This extraordinary collection of deeply personal poetry contains poems of childhood, youth, and adulthood, set mostly in the southern United States. It is a book about reckoning with grief, about the beauty and brutality of life in America, about living in exile in one’s own land.
“There is a sinister beauty in the poems that Claire Millikin weaves in her elegant and haunting collection Elegiaca Americana. These poems create a cartography of loss and redemption, inhabiting the American South’s liminal, abandoned spaces…where human meets animal, woods meet town, road meets fence line, and where roles inhabited—Mother, Father, Daughter, Sister, Wife—become merged and upended.”
–Meghan Sterling, author of These Few Seeds
“Claire Millikin’s Elegiaca Americana draws from the deep well of experience and keen observation of human vulnerability… These fully realized moments from her life are stoked like a train engine driving toward a destination where clarity comes from the mirror we hold up to our own lives.

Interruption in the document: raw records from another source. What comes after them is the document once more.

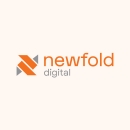 bannerlogo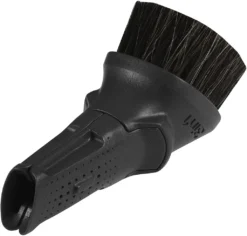 AEG VX9-2-ÃKO Bodenstaubsauger RÃ1/4ckläufer -Besten Staubsauger Geschäft 45868b134bb0e1d8abc3265228730d77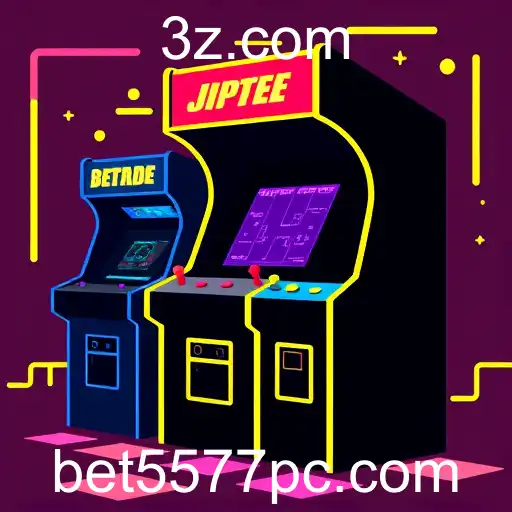 A Influência dos Jogos Online em 2025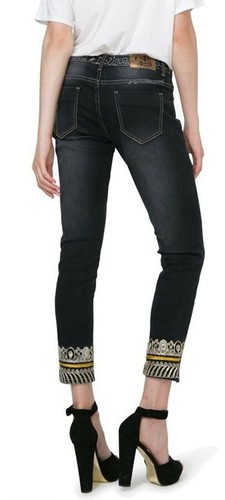 Sale 109 desigual - , neu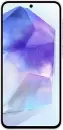 Смартфон Samsung Galaxy A55 SM-A5560 12GB/256GB (лиловый) фото 2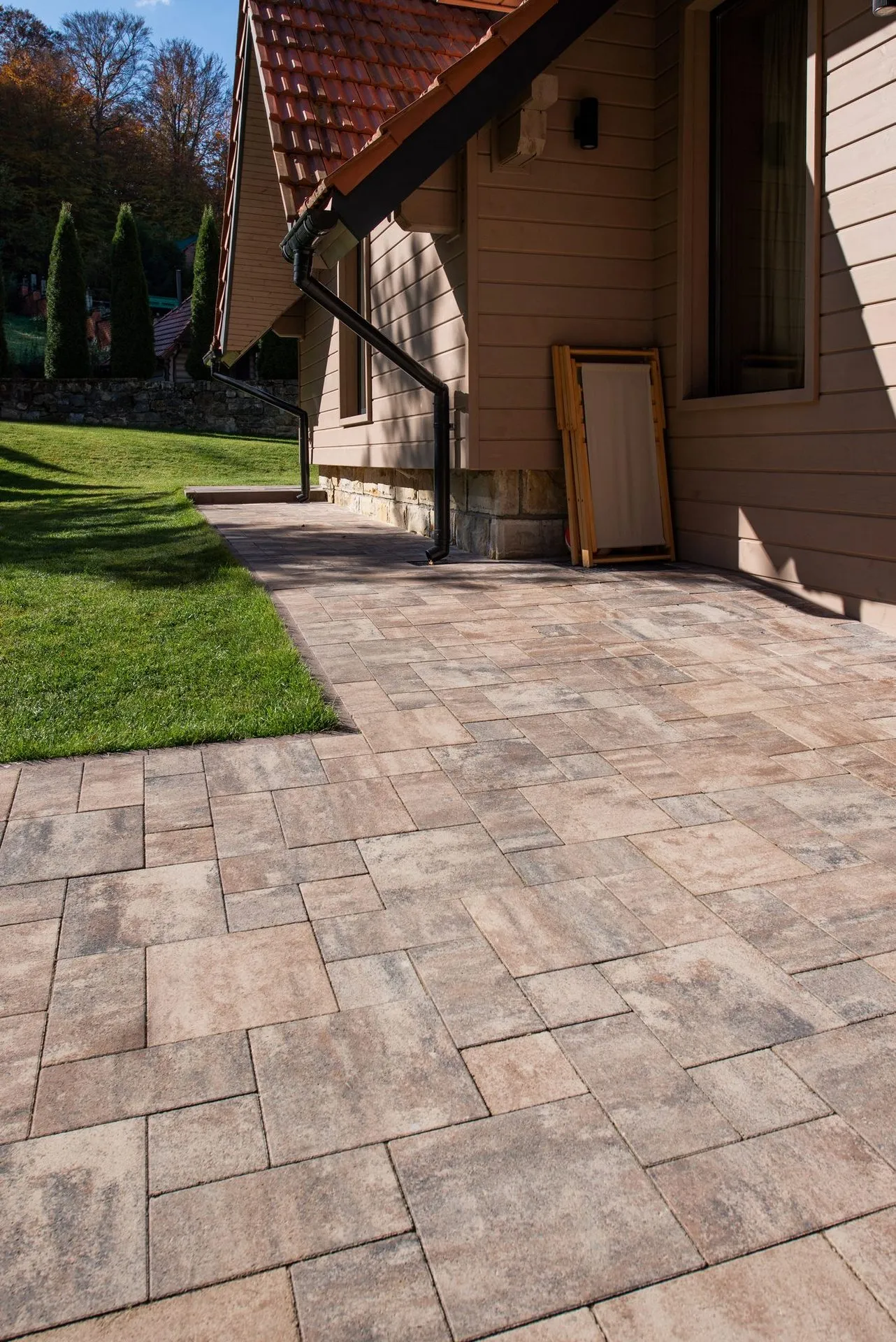 Рокко цвет: Ферум - фото 5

You may see yourself in these pages. I know I did.”
– Mihku Paul is Wolastoqey, the Executive Editor of Dawnland Voices 2.0, and the author of 20th Century PowWow Playland
from HOLE IN THE HEAD re:VIEW
A Review of Elegiaca Americana by Claire Millikin – Jeri Theriault
The title of this collection, elegiaca americana, casts the entire book as an elegy for American culture, with poems offering commentary on climate change—“a fierceness at our backs,” plastics “trashing us” as they “infiltrate oceans”—or America’s militaryindustrial complex, where “… children /will always count less to America than bombs.” Millikin calls America “a stolen world.”
The central elegy in elegiaca americana, however, is for the speaker’s loss of innocence. Traumatic secrets, never to be shared, lurk in her childhood home. Mother teaches daughter to “tell lies to keep the secret safe.” Both parents seem to offer menace: “mother put me to bed without a word, / because I’m my father’s favorite.” Even normal-seeming activities suggest a threat. When the father teaches the daughter to play pool in the back room, a hint of something amiss comes when the natural world pulls the daughter’s attention away from the domestic scene, as though she is dissociating from the moment. She sees “the pear tree, the jacaranda, frangipani, /glistening beads in unforgivable / ropes of light,” the word “unforgivable” transforming the moment from innocent to troubling, a vulnerability suggested by the outdoors permeating the walls of the house. Likewise, the rain, a recurring image, suggests a property being swallowed or blurred, as in “A thousand years of rain under the roots of the longleaf pines” “and even inside the house there are “centuries of rain / behind the mirrors.”
While the speaker cannot bring herself to completely break the taboo against sharing secrets so long buried within the house and within herself, she creates a kind of gothic blur for the reader, the way a well-done horror film creates mood with place details and camera angles, suggesting that the monster or murderer will appear at any moment.
She is explicit about some of the trauma: the death of a twelve-year-old cousin who surprised her father “with his mistress, holding his gun,” or the speaker herself at the age of fourteen placed “in solitary confinement, / as punishment for run-away.” The father is threatening, the mother an accomplice. “I wasn’t safe / in my father’s house but had nowhere else.” She longs for her mother even though the mother’s needs weigh her down, “the way the drowning hold on to anything, anyone.” The daughter must choose her own survival over her mother’s, a choice akin to leaving the South which claims her, while simultaneously “casting her out.”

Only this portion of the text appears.